Cuando todo el país es desmoralización i desconcierto; cuando la ruina de nuestras instituciones no reconoce otra causa que la falta absoluta del sentido moral; cuando los grandes móviles sociales han desaparecido ante el empuje de los innobles propósitos i de los mezquinos i personales intereses, es ciertamente consolador i de fecunda enseñanza el glorioso contraste que ofrecen el pueblo de Acostambo i los demás del Centro de la República levantándose con toda la altivez de la dignidad nacional herida pero no humillada, con toda la desesperación del patriotismo que no se detiene ni ante el sacrificio, resueltos a morir combatiendo contra los enemigos de fuera i de dentro del Perú.
La resistencia que hasta el último instante hacen los pueblos por salvar la integridad i el honor nacional merecerá un lugar en las pájinas [sic] brillantes de la historia del Perú, así como ha merecido ya el aplauso i la admiración sincera del mundo, cuyo alto criterio no juzga de las causas humanas por el éxito que tienen sino por la justicia que defienden.
En el trájico [sic] poema de nuestra guerra de cuatro años, los que mantenemos nuestra mente i nuestro corazón, tenemos forzosamente que desprender esta verdad que implica el remedio de nuestra rejeneración [sic] en el porvenir.
Dos clases de elementos ha contado el Perú en la lucha sangrienta a que Chile lo provocara. El elemento de los capitalistas i el de los audaces: compuesto el primero de comerciantes enriquecidos con la fortuna pública, i el segundo de empleados civiles i militares sin talento i sin carácter encumbrados por su propia miseria a la sombra de revoluciones injustificables que han desmoralizado la República.
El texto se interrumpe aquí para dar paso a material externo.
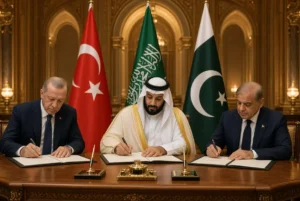 Turkish President Erdogan, Saudi Crown Prince Mohammed bin Salman and Pakistan Prime Minister Shehbaz Sharif signing the regional defence pact agreement in Makkah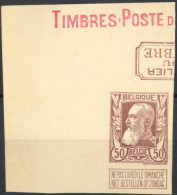 Delcampe - [(*) SUP] Grosse-barbe : 50 Non Dentelé Coin De Feuille + Inscriptions Marginales - épreuve De La Planche En Brun - Prove E Ristampe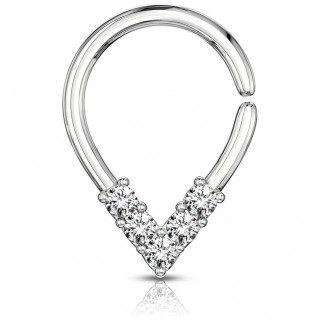Anneau tordable � "V" strass (septum, cartilage...)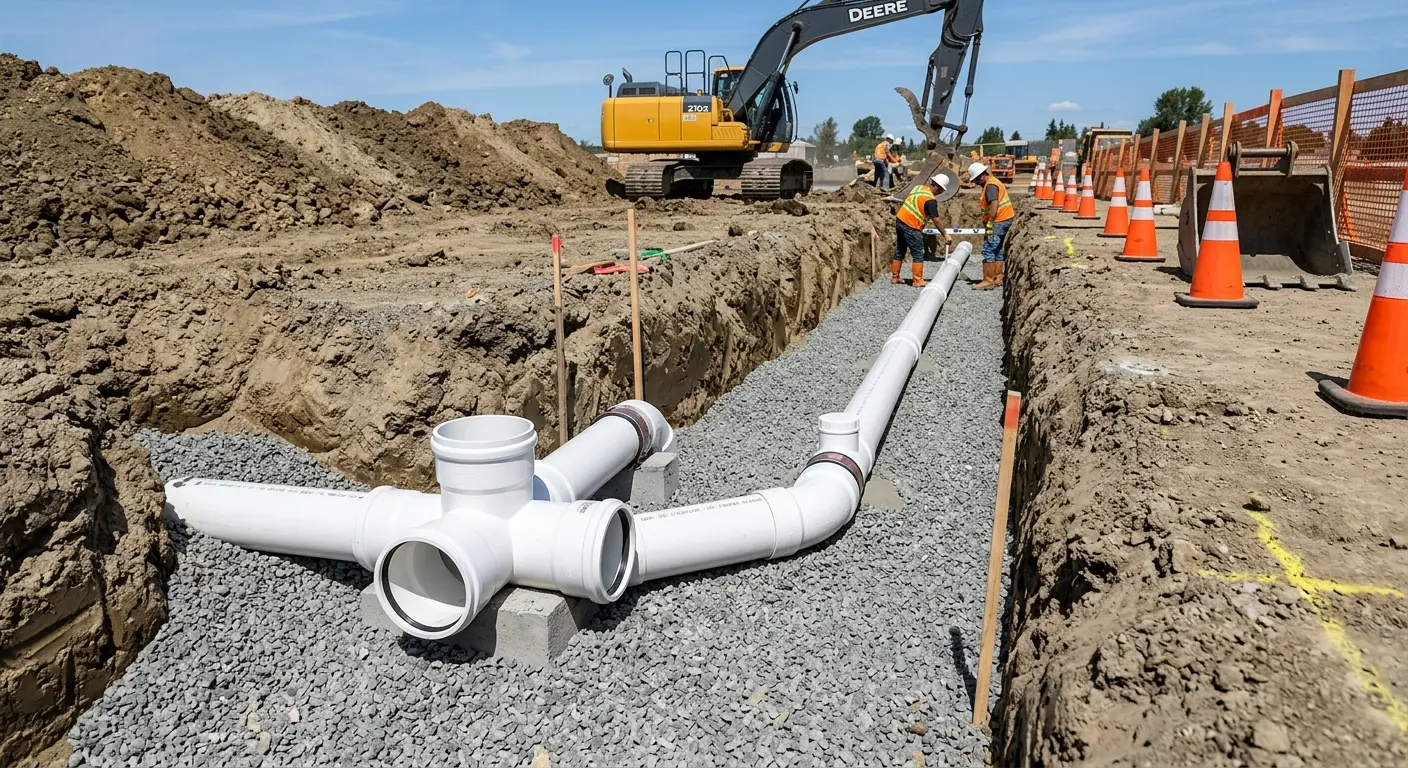 New PVC sewer pipe installation in open trench for Commercial Drain Cleaning in Gahanna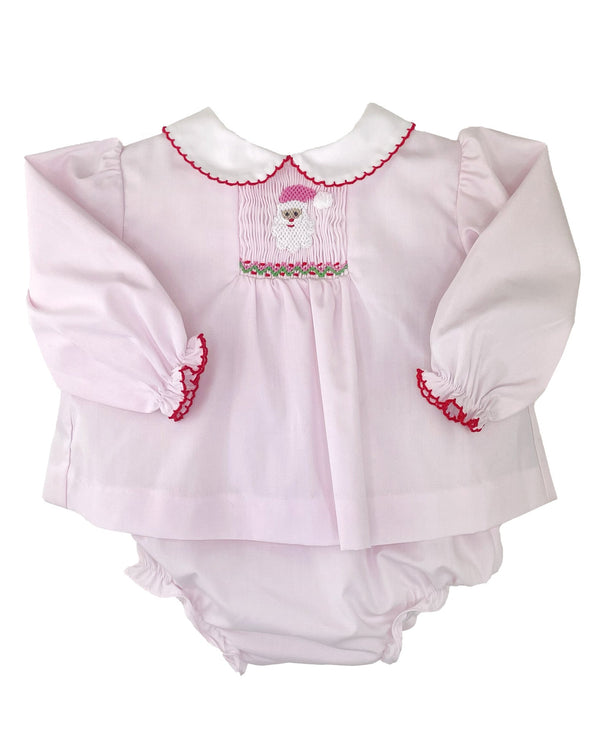 Santa Face Smocked Diaper Set- Pink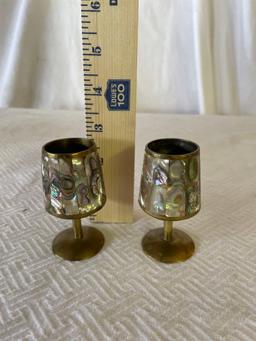 Vintage Mexican Abalone Brass Cordials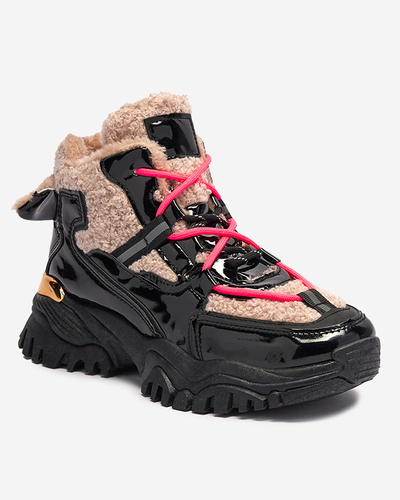 Čierna dámska športová obuv s kožušinou a neónovo ružovými šnúrkami Adbo- Footwear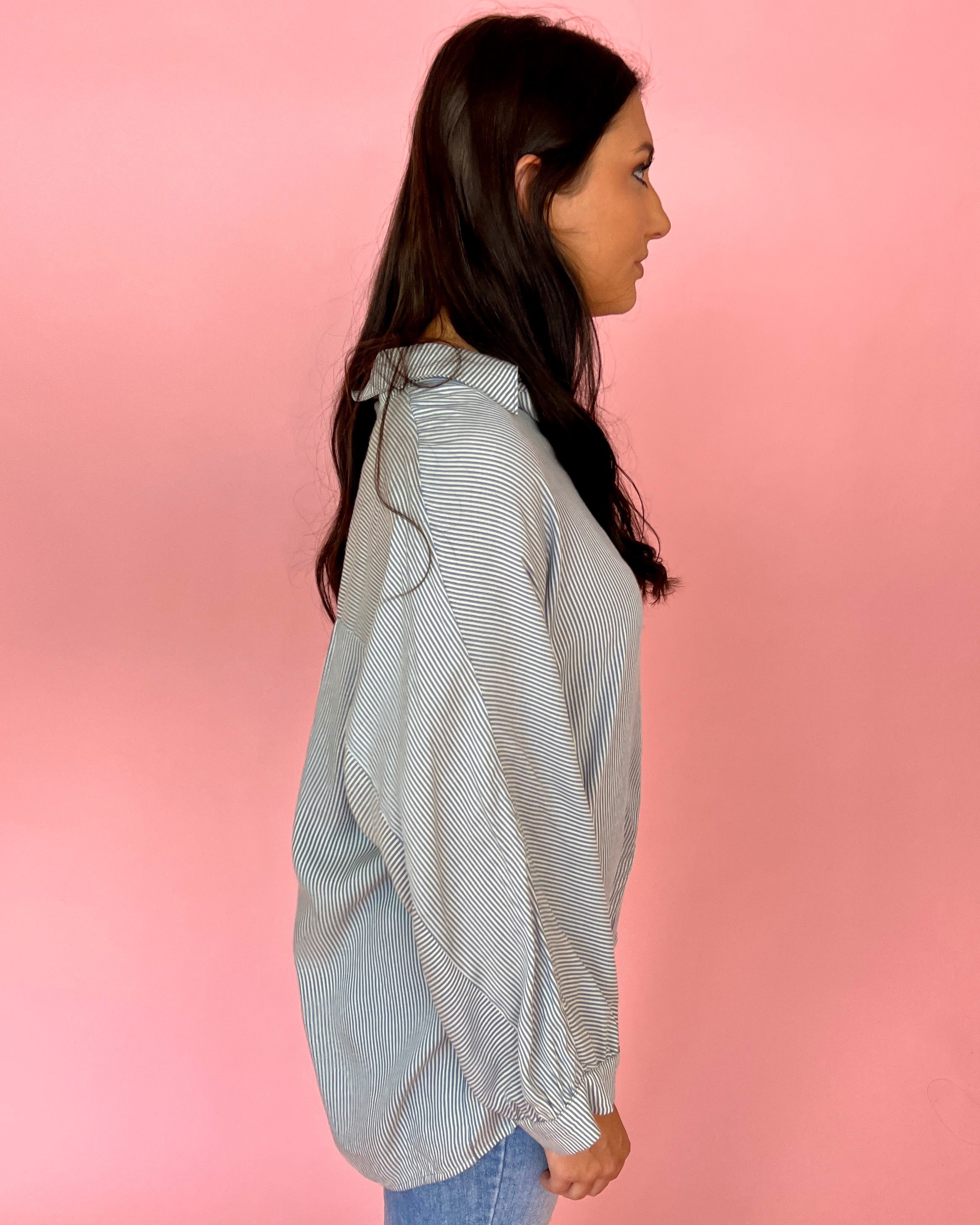 Stay Kind Denim Striped Button Down Top-Shop-Womens-Boutique-Clothing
Con bases tan efímeras, con medios de acción tan nulos, el resultado de la contienda tenía que ser fatalmente el que ha sido: una serie de derrotas ignominiosas i de estériles sacrificios individuales que sirven como de puntos luminosos en la oscura noche de nuestros infortunios sin ejemplo.
Mas cuando el vigor del patriotismo parecía haberse extinguido por completo; cuando el hundimiento del Perú amenazaba revestir los oprobiosos caracteres de la cobardía, entonces las grandes virtudes cívicas que no existían en las clases directoras de la sociedad reaparecen con más prestijio [sic] i esplendor que nunca en el corazón generoso de los pueblos, de esos mismos pueblos a quienes se titulaba masas inconscientes i a los que menospreciaban siempre, haciendo gravitar sobre ellos en la época de la paz los horrores del pauperismo i la ignorancia, i en el de la guerra los sacrificios i la sangre.
Por mi parte, jamás olvidaré esta lección que puede calificarse de providencial, i desde cualquier punto en que me arroje el destino, tendré una palabra de aplauso i un sentimiento de admiración para los pueblos del Centro i especialmente para el distrito de Acostambo que tantas pruebas de grandeza i valor ha dado en estos últimos años.
Reciba el Honorable Cabildo la expresión de mis respetos i del profundo dolor que esperimento [sic] por las nuevas víctimas de la guerra en esa comunidad, i tenga en todo caso presente que el sacrificio de hoy ha de ser la gloria de mañana.
ANDRÉS A. CÁCERES.
Al Honorable Cabildo de Ayacucho”.
(Fuente: Pascual Ahumada Moreno, Guerra del Pacífico. Recopilación completa de todos los documentos oficiales, correspondencias y demás publicaciones referentes a la guerra que ha dado a luz la prensa de Chile, Perú y Bolivia, conteniendo documentos inéditos de importancia (tomo VIII). Valparaíso: Imprenta de la Librería del Mercurio de Recaredo S. Tornero. 1891, p. 329. Véase también el diario limeño La Prensa Libre del martes 1 de enero de 1884 (p. 2). Esta última fuente peruana menciona que el documento fue publicado originalmente en el periódico El Perú de Ayacucho. La versión aquí reproducida respeta la ortografía del siglo XIX. Debido a un aparente error de las primeras reproducciones periodísticas, referido a la exactitud de su título, es probable que esta célebre Nota de Cáceres haya sido dirigida, en realidad, al Honorable Cabildo de Acostambo.)